Homie

A Streamlined Amenity Detection and Property Management Platform

Problem Definition

Over the last half-decade, the market for vacation rentals has largely centralized to a handful of vacation rental websites. The days of having a single listing on one website are largely over, as people list their properties on multiple different websites in the hopes of attracting customers. The process of uploading the listing of each house on each of the websites can become quite tedious and repetitive. If you are listing a property, you have to walk through and get a tally of all of the different amenities in the house. You also have to make sure that you don't miss anything, or else your engagement will fall because of a sparse amenity list. The natural next step is to find a way to automate this process and make it easier for people to list their property or properties on different vacation rental websites without wasting time manually recounting and uploading the same data over and over again.

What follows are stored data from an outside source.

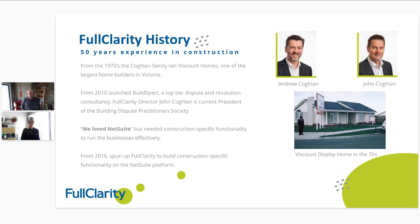When they took over Vicount Homes they also launched a dispute and resolution consultancy called Build Spec. John is the current president of the Build Spec Dispute Practitioners Society. The software Full Clarity was built for the construction industry, by the construction industry. They purchased NetSuite eight or nine years ago and absolutely loved it — it produced everything they needed except for construction-specific functionality.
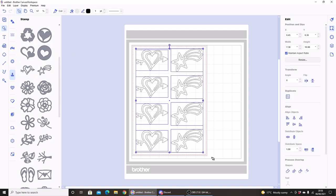And once again I can just drag some designs onto the screen, select them, and my A4 workspace is filled with designs. So if you work with the A4 cardstock size you'll be able to easily and quickly fill up an A4 page and pop the cardstock on the mat and cut it out.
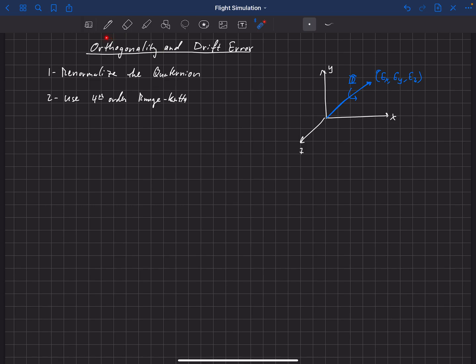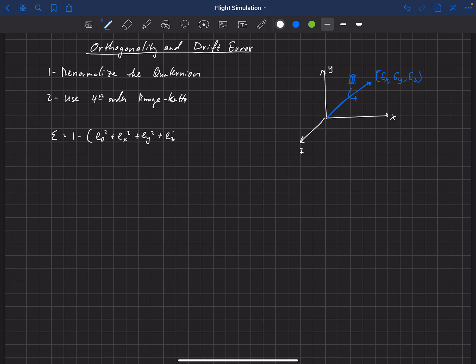Orthogonality error, though, is an error that doesn't really have a physical counterpart. It comes from the fact that our Quaternion, over time, may change length. We define this error epsilon as: epsilon = 1 − (E0² + Ex² + Ey² + Ez²). Since the length of the Quaternion is supposed to be 1, if it equals 1, then epsilon is 0 and orthogonality error is zero. So epsilon measures how far from 1 the length of our Quaternion is — it's hard to visualize physically what a non-unit Quaternion means for a flight simulator.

Homie is a platform that seeks to solve this problem. With a few clicks, users can upload all of the pictures within their home, and we will automatically generate a listing of all of the amenities. If users have multiple properties, they can manage the amenities within each property and easily export the amenities for each one to the popular vacation rental websites. With Homie, the time spent going through each room in each property is cut exponentially. You only need to take pictures of each room once and upload them to our website, and we will keep track of all of that information for you.

System Design

The user interacts with the platform through a website. The front end was built on top of the Bootstrap framework using HTML, CSS and Javascript. The user has access to 4 pages:

Home Page: The user can log in or register here.
User Landing Page: The user lands here after logging in or registering. The user can see their list of properties, alongside a link to create a new property.
View Property Page: The user can view their property, with access to the property name, labels, and photos (both original uploads and annotated images with bounding boxes). They can also update the labels.
New Property Page: The user can specify the name of the property and upload photos to create one.

The website is served by an Express server running in Node.js, which we decided to use because we had prior experience building a web app with this framework. The user interacts with the server through the website and form submissions. The user can post information by registering as a new user and by creating new properties; and she can get information by logging in and viewing properties.

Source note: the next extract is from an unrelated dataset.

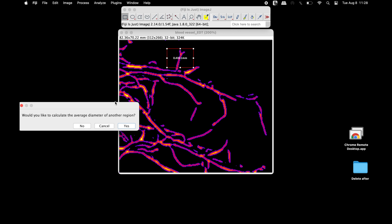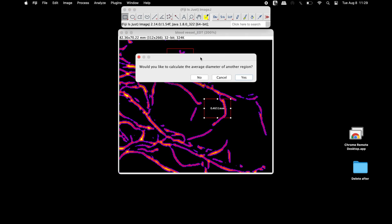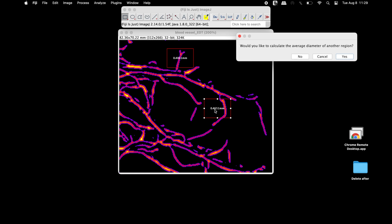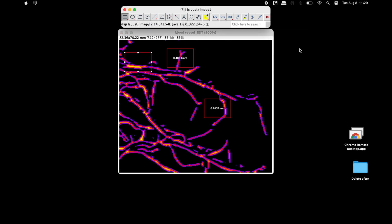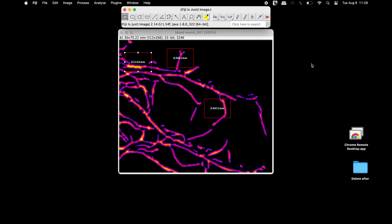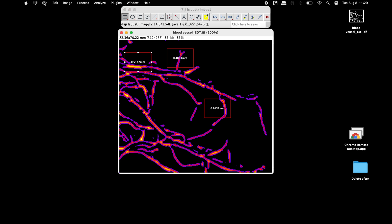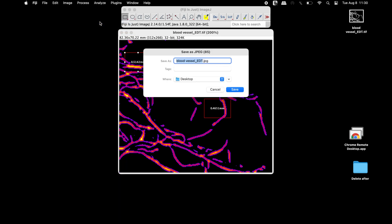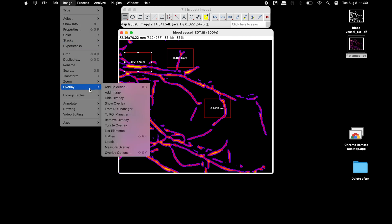To measure the vessel diameter of another segment, click Yes and select the region of interest. Once selected, click OK. Users can continue measuring the average diameter of additional blood vessels. To end the measurement process, click No, then click Save to save the results. The flattened image can also be saved: click File > Save As, select JPEG, rename the file, and save. To remove overlays from the image, click Image > Overlay > Remove Overlay.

The crux of the platform is the labeling of properties' amenities by their photos. This is accomplished through a Detectron 2 object detection model (more on this below). The ML model is served through a Flask app running in Python, which was chosen because of its ease of use, and also because the model had a convenient Python API. The model is initialized at server start to allow for quick inference. The server accepts requests containing image URLs, downloads the images locally, and passes the local image paths to the model. The model outputs 50 predictions, each of which contains the predicted class, the confidence score, and the bounding box on the image. Note that the same class can appear more than once in this list. We then take all the predicted classes with a confidence score above 20% and union them across all the input images. This gives us an aggregated lists of labels for the property. We also annotate the input images with bounding boxes, and send their URLs back in the API response.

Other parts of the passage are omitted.